Alyaksandr Lukashenka's crackdown on political opponents following December's presidential election has been brutal even by his standards. And he is, of course, a man with form - the EU imposed sanctions on him when four opponents 'disappeared' in 1999-2000, and he has a 16-year record of repression.
Still, the moniker traditionally applied to him - 'Europe's last dictator' - always overplayed his record. It is hard to find a measure of authoritarianism - from body-counts to business - where his Belarus is worse than Putin's Russia. And he has shown more regard for the average Belarusian (judged by access to a reasonable living) than Putin has for Russians. The epithet also underplayed Lukashenka's potential for flexibility.
The EU has therefore been right to test his flexibility in recent years, by offering incentives. It also had strong reasons to do so: Belarus is undoubtedly one of the EU's most important neighbours, a real candidate for membership in the future. The European Commission and the EU's member states have played this game of chess with varying levels of attention, but they still played some role, albeit minor, in bringing Lukashenka to the point when his interests seemed to be moving clearly westward.
But he has now completely changed the game. Some suggest he acted under pressure from Russia, after a big, new deal; others suggest the crackdown was a product of a bureaucratic battle. A more plausible explanation - one that gives him more respect - is that he looked at the board, decided he did not need to exchange pieces with the EU, and chose to ram home the message. Better, in short, to presume this was a calculated move by a man attuned to the psyche of Moscow and a sizeable, albeit diminishing, part of his population.

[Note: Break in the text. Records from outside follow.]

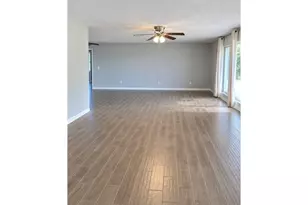1718 NE 7th St, Cape Coral, FL 33909 - Photo 3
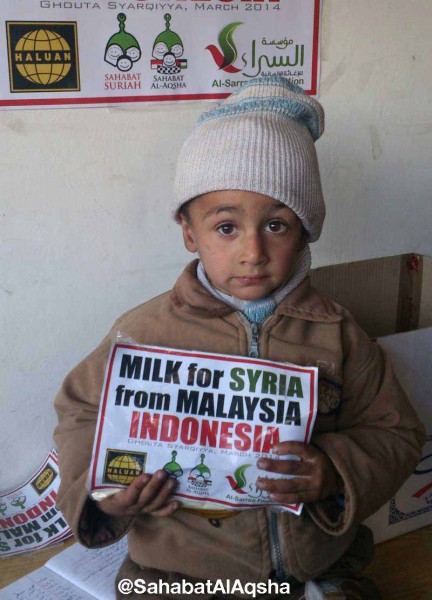 Ya Nak, ini dari Allah. Terima kasih sudah berkenan menerima lewat kami. foto: Sahabat Al-Aqsha/HALUAN/Al-Sarraa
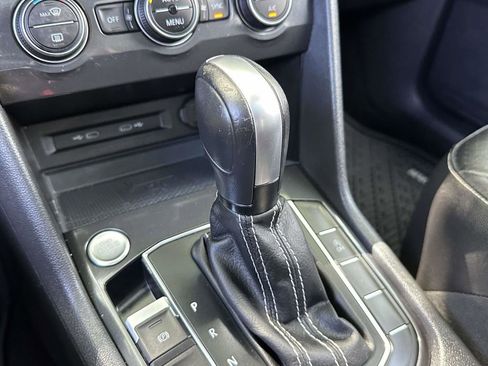 Used 2021 Volkswagen Tiguan SE AWD/4WD image 30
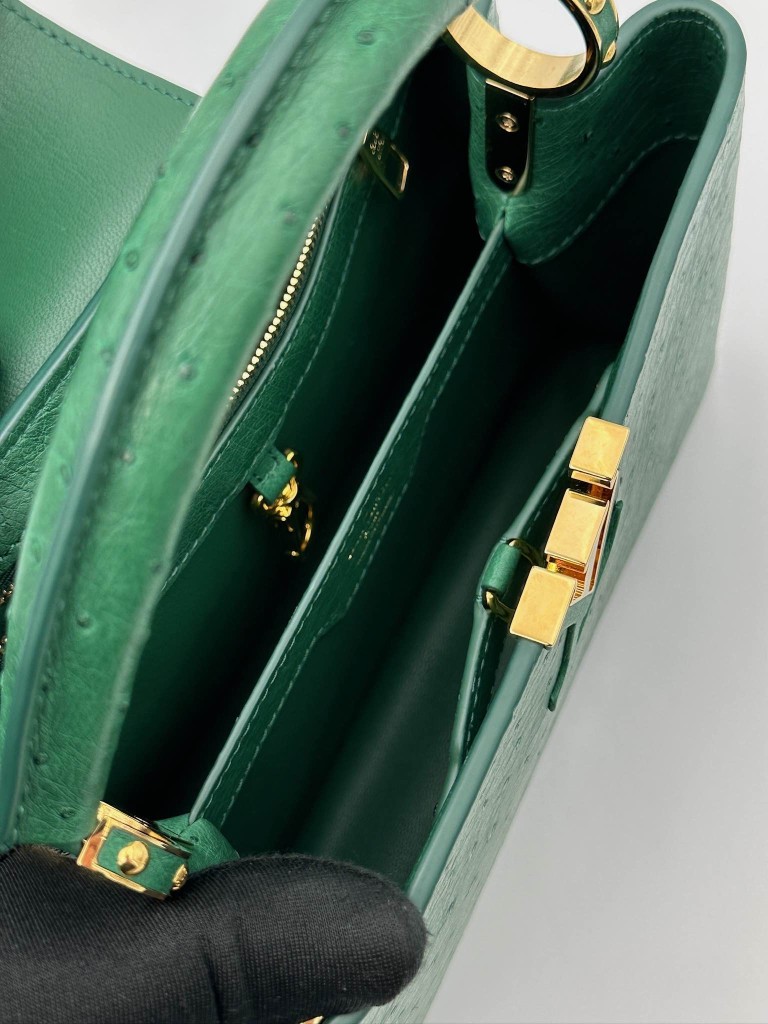 Louis Vuitton Capucines BB torebka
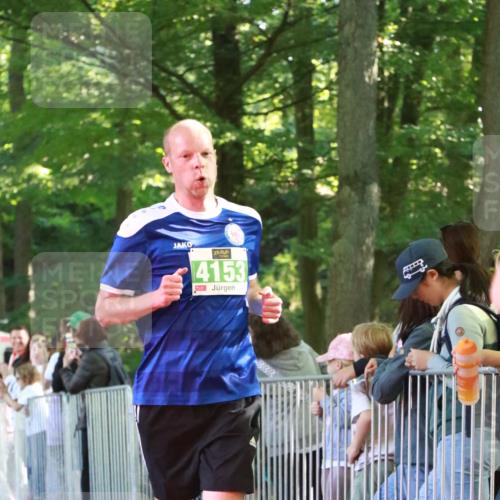 22.09.2024 - 32. Volkslauf durch das schöne Alstertal H.Heesch http://msf.ph/oto/7111384 22.09.2024 10:52:47 Ziel 4001, 4098, 4153 meine-sportfotos.de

With the game changed, the EU needs to change its game-plan. The crowded middle phase is over. Lukashenka has made clear the EU incentives are not enough.
The EU's first moves do not require appraisal of his motives. Lukashenka has sent a brutal message; the EU's response needs to be clear and strong. A travel ban suspended in 2008 should be re-imposed, as foreign ministers are proposing to do at the end of this month. But he has accrued other benefits - such as government-to-government aid and the offer of membership of the Eastern Partnership. He should lose those.
The second message needs to be clear too: that the EU will do more to build up civil society. Poland's approach of easing ordinary Belarusians' travel is a good example.
Will these be effective? Since Lukashenka is currently not interested in the EU, the prospects are limited. But the broader answer probably depends on whether one views sanctions as having any practical value.
Some take an a priori position that sanctions are self-defeating. But that rests on the supposition that there is something to be lost - and in Belarus's case, there is little to lose. Different countries need different approaches, and long-term and symbolic steps matter to Belarusians.
Some EU states that are generally sceptical of sanctions now appear to accept this argument, at least partly. Sweden says it has a 'principled' objection to sanctions - yet it too now wants measures against Belarus. Germany has previously pushed for the travel ban on Lukashenka to be lifted, not just suspended. It now wants it re-imposed.
But Belarus is more than a challenge to thinking on sanctions; it is a challenge to the EU's foreign policy aspirations reflected in the Lisbon treaty.
It has yet to meet those aspirations. Part of the rationale for only suspending - rather than lifting - the travel ban was so that it could be re-imposed swiftly; but when the ban is agreed, five weeks will have passed since the crackdown started. Rhetoric is one of the few tools the EU has with Belarus; but statements from Brussels have been very muted. So far, the EU is essentially asking Lukashenka to undo his most recent misdeeds; but he needs to do much more to restore any trust.
The EU's foreign ministers and commissioners still need to show that the EU can act more swiftly, clearly and resolutely than its pre-Lisbon self.